Extend your pyspark powers with pyspark+¶

Features ✨️

Wrapper Class!
Simple use!
Made with A.I. contribution 🤖

Main Class: 🚀¶

`deduplicate(df, by_columns=None, order_by=None, desc_=True)` ¶

Returns a DataFrame with duplicate rows removed based on the given columns.

Parameters:

Name	Type	Description	Default
`df`	`pyspark.sql.DataFrame`	The input DataFrame.	required
`by_columns`	`Union[str, List[str]]`	A column or list of columns to group by for deduplication.	`None`
`order_by`	`Optional[Union[str, List[str]]]`	A column or list of columns to order by before deduplication. If not specified, the deduplication will be performed based on the `by_columns` parameter.	`None`

Returns:

Type	Description
`DataFrame`	pyspark.sql.DataFrame: A DataFrame with duplicate rows removed.

Deduplicating a DataFrame

This example shows how to use deduplicate() to remove duplicate rows from a DataFrame.

Original dfExample 1Example 2

df = spark.createDataFrame([(1, "a"), (2, "b"), (1, "a"), (3, "c")], ["col1", "col2"])
df.show()

Output:

+----+----+
|col1|col2|
+----+----+
|   1|   a|
|   2|   b|
|   1|   a|
|   3|   c|
+----+----+

df_dedup = deduplicate(df, "col1")
df_dedup.show()

Output:

+----+----+
|col1|col2|
+----+----+
|   1|   a|
|   2|   b|
|   3|   c|
+----+----+

df_dedup = deduplicate(df, ["col1", "col2"], order_by="col1")
df_dedup.show()

Output:

+----+----+
|col1|col2|
+----+----+
|   1|   a|
|   2|   b|
|   3|   c|
+----+----+

Important

This function preserves the first occurrence of each unique row and removes subsequent duplicates.
If there are no duplicate rows in the DataFrame, this function returns the input DataFrame unchanged.
The order_by parameter can be used to specify a custom order for the deduplication. By default, the function orders by the columns specified in the by_columns parameter.
The input DataFrame should not contain null values, as these may cause unexpected behavior in the deduplication.

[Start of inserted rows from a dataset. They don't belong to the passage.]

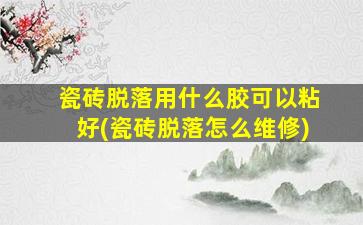 瓷砖脱落用什么胶可以粘好(瓷砖脱落怎么维修)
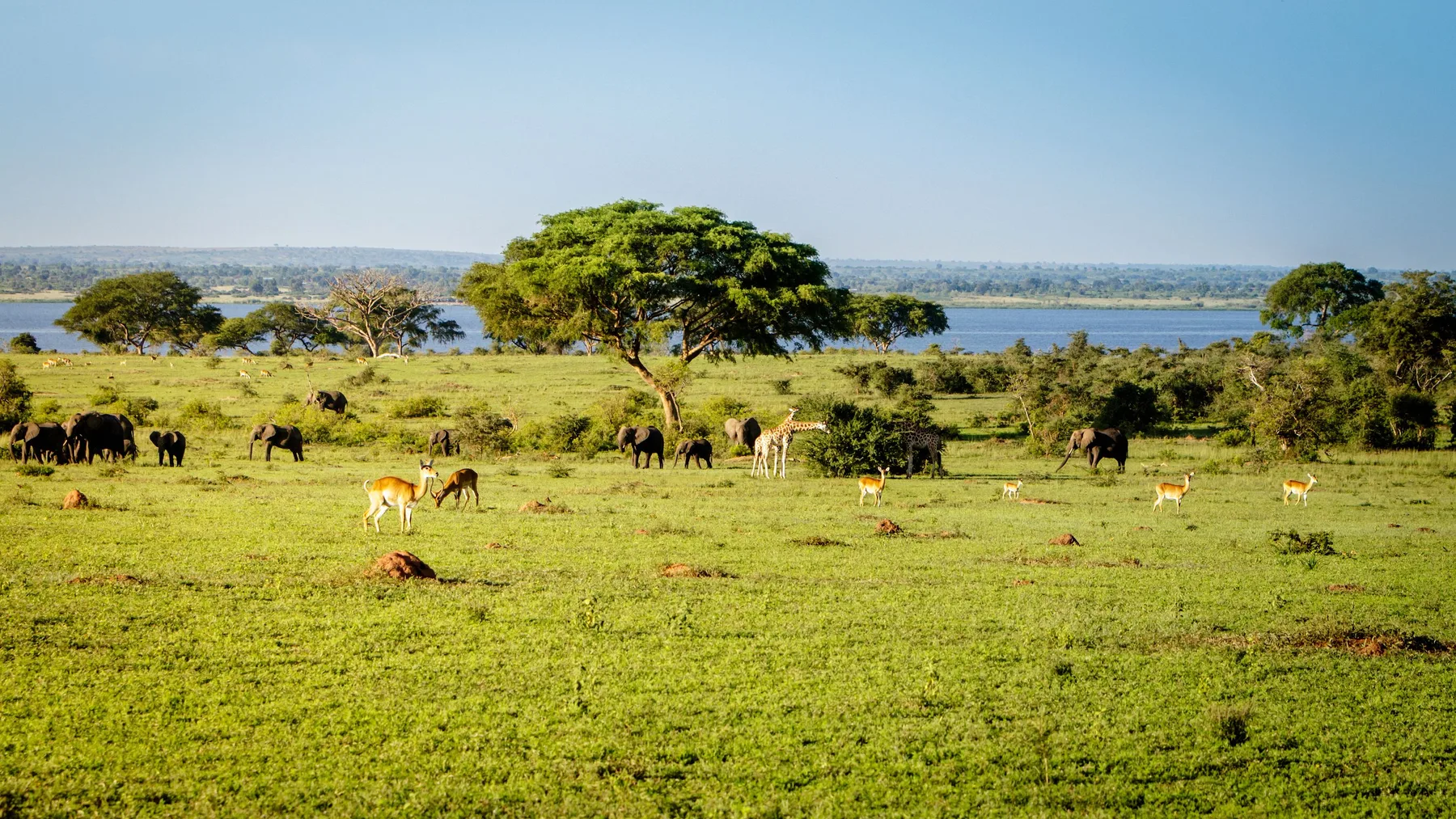 Uganda savannah beside a distant lake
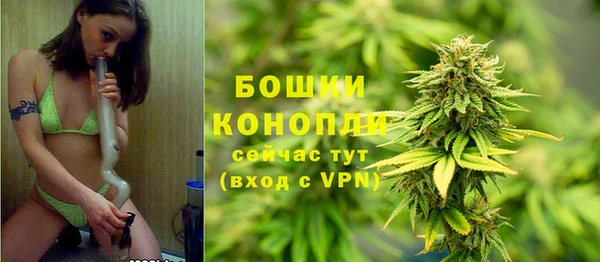 спиды Арсеньев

Source code in pysparkplus/functions.py

def deduplicate(df: DataFrame, by_columns: Optional[List[str] or str] = None, order_by: Optional[List[str] or str] = None, desc_: bool = True) -> DataFrame:
    """

    Returns a DataFrame with duplicate rows removed based on the given columns.

    Args:
        df (pyspark.sql.DataFrame): The input DataFrame.
        by_columns (Union[str, List[str]]): A column or list of columns to group by for deduplication.
        order_by (Optional[Union[str, List[str]]]): A column or list of columns to order by before deduplication. If not
            specified, the deduplication will be performed based on the `by_columns` parameter.

    Returns:
        pyspark.sql.DataFrame: A DataFrame with duplicate rows removed.

    !!! Example "Deduplicating a DataFrame"
        This example shows how to use `deduplicate()` to remove duplicate rows from a DataFrame.

        === "Original df"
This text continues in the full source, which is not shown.